国際試合の厳しさを知った前半。可能性を感じられた後半。5月3日、来日中のニュージーランド学生代表(NZU)と京都・西京極総合運動公園球技場で対戦した関西学生代表。前半、7-40と引き離されたものの、後半に立て直し、最終スコアを33-47と…

 国際試合の厳しさを知った前半。可能性を感じられた後半。5月3日、来日中のニュージーランド学生代表(NZU)と京都・西京極総合運動公園球技場で対戦した関西学生代表。前半、7-40と引き離されたものの、後半に立て直し、最終スコアを33-47と詰めた。何より、戦い方の方向性をつかめた80分だった。

 6トライを失った前半。失点の多くはラインアウトから崩されたものだった。「大きい選手に前に立たれて競られたり、後ろで動かれたりでパニックになったところもあった」と小松節夫監督。チームとしての練習は1回。連携の未熟なところを付け込まれた。

 ハーフタイムでは「0-0と思って、最初に点をとりにいこうと言われて、それがよかった」と島根一磨主将(天理大)。
 ラインアウトは確実にとれるところに絞った。確保した後はなるべく手放さず、ボールキャリーの強い選手に託した。スクラムは前半から押せていたから、それだけで相手ゴールにいる時間はぐんと増えた。後半15分、ペナルティから、ジャパンAでも活躍したFLファウルア・マキシ(天理大)が持ちだしてトライ。17分には自陣深くからCTBシオサイア・フィフィタ(天理大)が抜け出し、フォローしたWTB中孝祐(関西学院大)がトライ。スタンドを沸かせた。

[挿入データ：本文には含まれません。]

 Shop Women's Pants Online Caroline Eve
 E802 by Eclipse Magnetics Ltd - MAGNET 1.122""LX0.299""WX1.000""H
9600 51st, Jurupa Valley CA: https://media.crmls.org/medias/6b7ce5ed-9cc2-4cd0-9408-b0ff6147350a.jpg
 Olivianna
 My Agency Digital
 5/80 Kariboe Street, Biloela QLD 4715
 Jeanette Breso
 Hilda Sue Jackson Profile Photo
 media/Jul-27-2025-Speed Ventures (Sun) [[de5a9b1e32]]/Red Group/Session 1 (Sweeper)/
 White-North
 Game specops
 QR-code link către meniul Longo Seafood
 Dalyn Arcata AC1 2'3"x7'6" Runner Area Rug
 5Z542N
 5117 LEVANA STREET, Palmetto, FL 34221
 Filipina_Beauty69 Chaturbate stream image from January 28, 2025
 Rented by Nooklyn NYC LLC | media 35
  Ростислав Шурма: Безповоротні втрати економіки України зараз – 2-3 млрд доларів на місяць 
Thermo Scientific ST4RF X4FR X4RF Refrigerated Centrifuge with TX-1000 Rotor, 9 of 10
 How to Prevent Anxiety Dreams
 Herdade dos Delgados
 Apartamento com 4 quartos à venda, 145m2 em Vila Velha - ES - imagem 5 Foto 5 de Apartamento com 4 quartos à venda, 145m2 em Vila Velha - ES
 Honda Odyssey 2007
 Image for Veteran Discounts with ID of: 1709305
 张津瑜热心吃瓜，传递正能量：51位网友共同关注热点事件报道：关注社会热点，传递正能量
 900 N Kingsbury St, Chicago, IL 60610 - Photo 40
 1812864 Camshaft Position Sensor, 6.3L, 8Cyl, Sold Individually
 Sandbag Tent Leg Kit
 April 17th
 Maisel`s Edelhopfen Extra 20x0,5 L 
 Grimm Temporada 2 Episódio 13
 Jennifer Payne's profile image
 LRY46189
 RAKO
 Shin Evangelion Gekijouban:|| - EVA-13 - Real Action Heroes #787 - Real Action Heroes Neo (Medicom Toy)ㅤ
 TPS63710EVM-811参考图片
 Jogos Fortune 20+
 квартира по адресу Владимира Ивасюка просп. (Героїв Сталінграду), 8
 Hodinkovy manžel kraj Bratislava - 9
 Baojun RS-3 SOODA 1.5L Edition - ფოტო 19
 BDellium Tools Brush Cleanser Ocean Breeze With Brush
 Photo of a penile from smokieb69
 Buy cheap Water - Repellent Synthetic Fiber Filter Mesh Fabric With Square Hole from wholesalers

 最終的に勝敗が覆ることはなかったが、NZUのブレンドン・ティミンズ ヘッドコーチは「関西学生代表のコーチがハーフタイムにどんなことを言ったのか知りたい」と後半の戦いを称えた。

 島根主将は収獲を語る。
「接点で先に当たられるとプレッシャーを感じますが、自分たちが先に仕掛けると相手は遅れる。デカい相手に対して速いテンポで動かす。関東(のチーム)もデカいので、自分たちの小ささを活かすこと。速いテンポにこだわりたい」
 関西学生代表として戦った一人ひとりが見据えるのは、打倒関東だ。

 この日の観客は5,650人。数日前までは嵐の予報も、朝に雨はあがった。スポンサー集めや集客に尽力した関西協会・坂田好弘会長はほっとした表情を見せた。
「連休初日で、地元の高校生は来ないだろうと言われていたんですが、たくさん来てくれた」
 関西大学リーグの冠スポンサーになっているムロオが、この試合もスポンサードしてくれた。数社あわせた金額は500万円超。これまで国際試合を開催すると持ち出しになることも多かったが、今回は大丈夫だと言う。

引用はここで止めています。